What is Classical Education?

Classical education is a tried-and-true method that doesn't just teach children what to think, but rather teaches them how to think. One of the core goals in a classical education is to instill within students a desire to learn and to equip them with the tools they will need to be lifelong learners.

The classical model used at BCS recognizes that students learn differently at different ages and it uses these differences to its advantage. The model divides learning into 3 stages known as the Trivium.

 Grammar (K-6) Students absorb the fundamentals about language, numbers and the created world. Their attention is engaged through songs, chants, movement, hands-on projects and field trips.

Logic (7-8) Students extend their grasp of fundamentals while at the same time expand their thinking to a more abstract level. They learn how to apply the principles of formal logic as they analyze and make use of facts and information.

Rhetoric (9-12) Students at this stage are ready to communicate what they know in an original and effective manner. They learn and practice the art of rhetoric in well-written papers, well-spoken speeches and well-reasoned debates.

The trivium is at the center of Classical education. Other hallmarks of Classical education include the use of the Socratic Method in classrooms, a focus on Western Civilization and the Great Books, the study of Latin, and high expectations for students. 

The Socratic Method. The goal of the Socratic Method is to help students discover answers themselves as opposed to being fed answers by the teacher.

A focus on Western Civilization. Not that Western Civilization is better or worse than any other civilization, but as Americans it is our civilization and one needs to understand one's own culture and history in order to understand oneself. Likewise, one needs to understand one’s own culture before one can understand another culture. Knowing our heritage is particularly important given that we as Americans live in a country where we have the right to elect officials and influence policy. If we don’t know why we do what we do, it is easy to disregard good things or to try things that have already been proven to be failures or worse.

A focus on the Great Books. BCS Students learn science and math, but the goal is to help them be mature men and women of character, not successful worker bees able to purchase lots of consumable goods. For that reason we give equal weight to the humanities instead of narrowing our focus on applied science and mathematics like most conventional schools. In our teaching of the humanities we read classic texts in place of textbooks. For example, instead of reading a text on the philosophy of Plato, students read Plato himself; instead of reading a modern professor describe ancient Rome, students read Livy and Plutarch. This is not a new approach, but rather an old one. Like centuries of students before them, our students read the texts that form the backbone of Western Civilization and Culture.

Latin. At Baldwin Christian School students study first Latin and then Greek. This helps them to dive deeper in their understanding of Classical Cultures; it also helps them to better understand the New Testament.

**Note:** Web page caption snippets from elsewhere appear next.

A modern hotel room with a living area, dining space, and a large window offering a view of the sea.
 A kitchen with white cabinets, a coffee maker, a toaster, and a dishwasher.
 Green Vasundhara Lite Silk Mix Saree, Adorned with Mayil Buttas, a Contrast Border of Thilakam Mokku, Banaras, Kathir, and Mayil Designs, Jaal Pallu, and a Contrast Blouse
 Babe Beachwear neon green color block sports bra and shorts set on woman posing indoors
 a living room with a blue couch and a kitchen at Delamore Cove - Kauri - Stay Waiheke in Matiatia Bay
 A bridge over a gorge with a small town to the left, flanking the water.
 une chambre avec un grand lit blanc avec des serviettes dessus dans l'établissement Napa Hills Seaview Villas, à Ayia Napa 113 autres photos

Moreover, having a foundation in Latin helps students to learn English grammar. It may be surprising, but English grammar was traditionally taught using Latin. Likewise, an understanding of Latin equips students to be able to quickly learn other languages.

High expectations. We at BCS have high expectations both in terms of academics and behavior. Character formation used to be the core of education. The ancients focused on it and modern psychology is proving that they were right on two fronts. First, your grit, or character, which is a product of your habits, is a far better indicator of your success in every area of life, from job to family, than your IQ. Right now the average student in the United States gives up on a problem they don’t understand in just 20 seconds(!) We lack grit and this shows in our failed marriages, cheap friendships, lazy parenting, job hopping, etc. Second, we have come to recognize that kids that are taught basic etiquette and manners in little things are less likely to do big harms. Right now we as a society (implicitly) teach young men that they can swear in front of girls, that they need not hold doors etc. and then go on to tell them that as adults they had better treat their wives and girlfriends with respect. This, as we are seeing to the harm of many women, simply does not work. If you want to stop people from committing big harms you need to teach them to treat others better in small, day to day things. The habit of holding doors and watching their language as boys will make men far less likely to abuse a woman in the future; likewise, getting kids in the habit of sticking with a hard homework problem will make them far more likely to stick in a hard marriage, remain in a tough job, or complete a difficult task. 

Education used to be centered on the pursuit of the True, Good, and Beautiful. At our school we seek truth in the books we read and in our pursuit of mathematical and scientific knowledge. We teach with the goal of disciplining the characters of our students to know and love the good. We point out beauty in God's creation and the works of men, while we encourage our students to develop beauty of soul. All in all, we believe that a classical education is the best means possible to acquire wisdom and virtue, both of which help one to grow in Christian maturity and to flourish in a variety of human endeavors.